Estos y otros textos conciliares provocaron en el aula conciliar posturas encontradas entre obispos tradicionales y progresistas y, por tanto, la redacción final fue producto de compromisos, conteniendo estos documentos elementos de ambos grupos, lo que hace que, a veces, no presenten una gran coherencia interna. Sin embargo el conjunto de ellos es sumamente positivo, su orientación general está en la vía de la renovación y el diálogo y su publicación provocó en la Iglesia un movimiento de apertura y libertad que, aunque ha remitido mucho desde los últimos años de Pablo VI y, sobre todo, durante los pontificados de Juan Pablo II y Benedicto XVI, aún no ha concluido y esperamos que pronto tenga un nuevo despertar.

Juan XXIII, en su discurso de apertura del Concilio, el día 11 de octubre de 1962, empezó esperando “firmemente que la Iglesia mirara sin temor hacia el futuro”. El veía el mundo no con temor, sino con esperanza; ésta no es una esperanza ingenua, porque los problemas del mundo en esa época eran tremendos: en aquel mismo mes de octubre de 1962 se produjo la crisis de los misiles rusos instalados en Cuba, crisis que pudo ocasionar la tercera guerra mundial. La esperanza de Juan XXIII es la esperanza del creyente, que sabe que el mundo está en las manos de Dios.

El papa Juan ve los males del mundo, pero ve también sus promesas y esperanzas y su mirada de creyente sobre el mundo es optimista. Por eso, en este mismo discurso, desautoriza a los que “en los tiempos modernos no ven más que prevaricación y ruinas; llegan a decir que nuestro mundo, en relación con el de antaño, ha empeorado mucho; se comportan como si no hubiesen aprendido nada de la historia, que es maestra de la vida, y como si en el tiempo de los concilios ecuménicos precedentes triunfasen plenamente el pensamiento y la vida cristiana, así como la justa libertad religiosa. Nos parece verdaderamente necesario decir nuestro desacuerdo con estos profetas de desgracias, que anuncian siempre catástrofes, casi la inminencia del fin del mundo”.

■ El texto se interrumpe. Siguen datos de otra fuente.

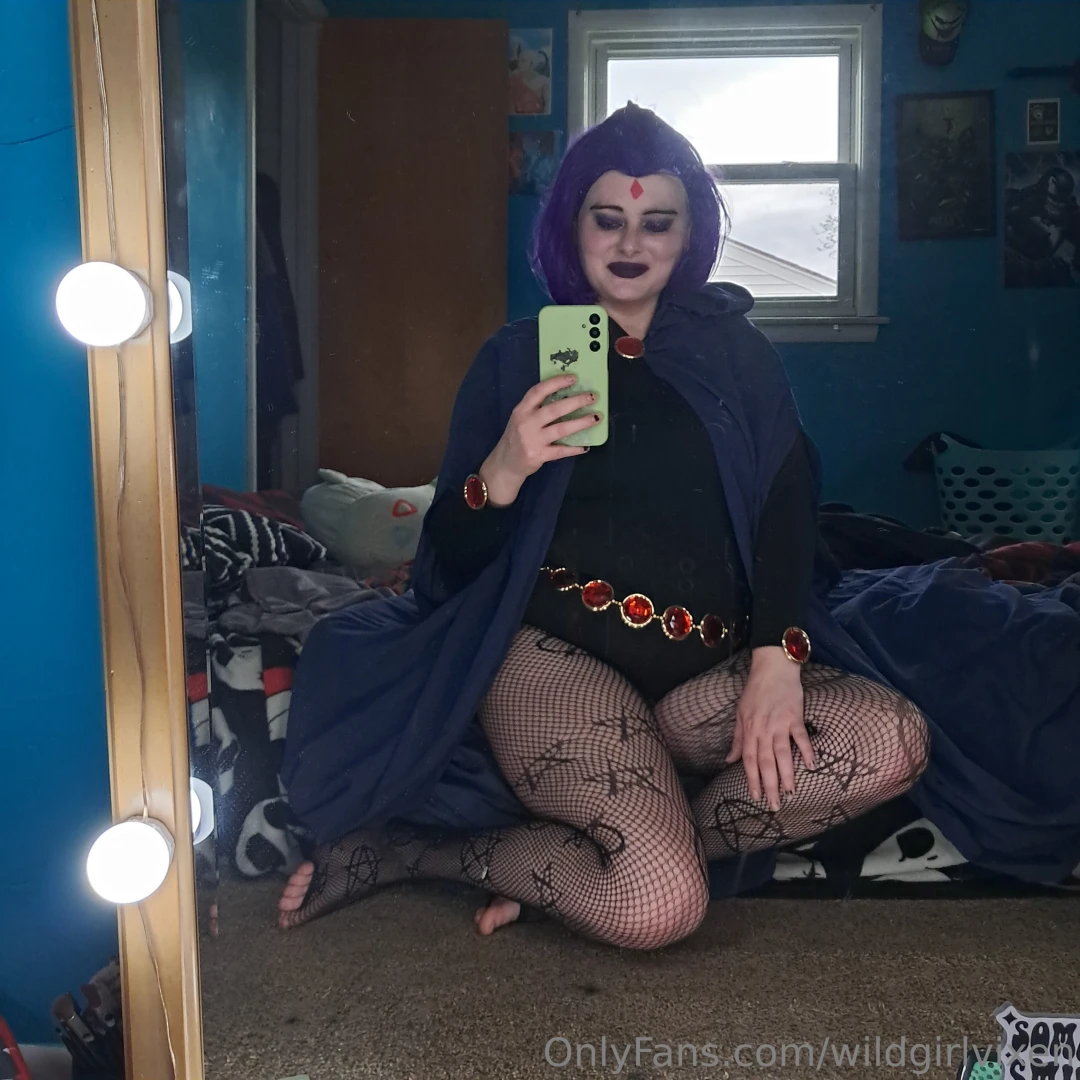 Raven selfies part 18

Desgraciadamente los “profetas de desgracias” se han hecho con el control de los órganos supremos de la Iglesia institucional en estas últimas décadas, pero las palabras de esperanza de Juan XXIII hay que verlas, como los de los profetas de la Biblia, con una perspectiva amplia. Las expectativas abiertas por el Concilio están ahí, a la vista de todos, no sólo los documentos que si no se hacen vida son letra muerta, sino las realizaciones a que ha dado apoyo el concilio, como las comunidades eclesiales de base y el espíritu ecuménico, entre otras muchas.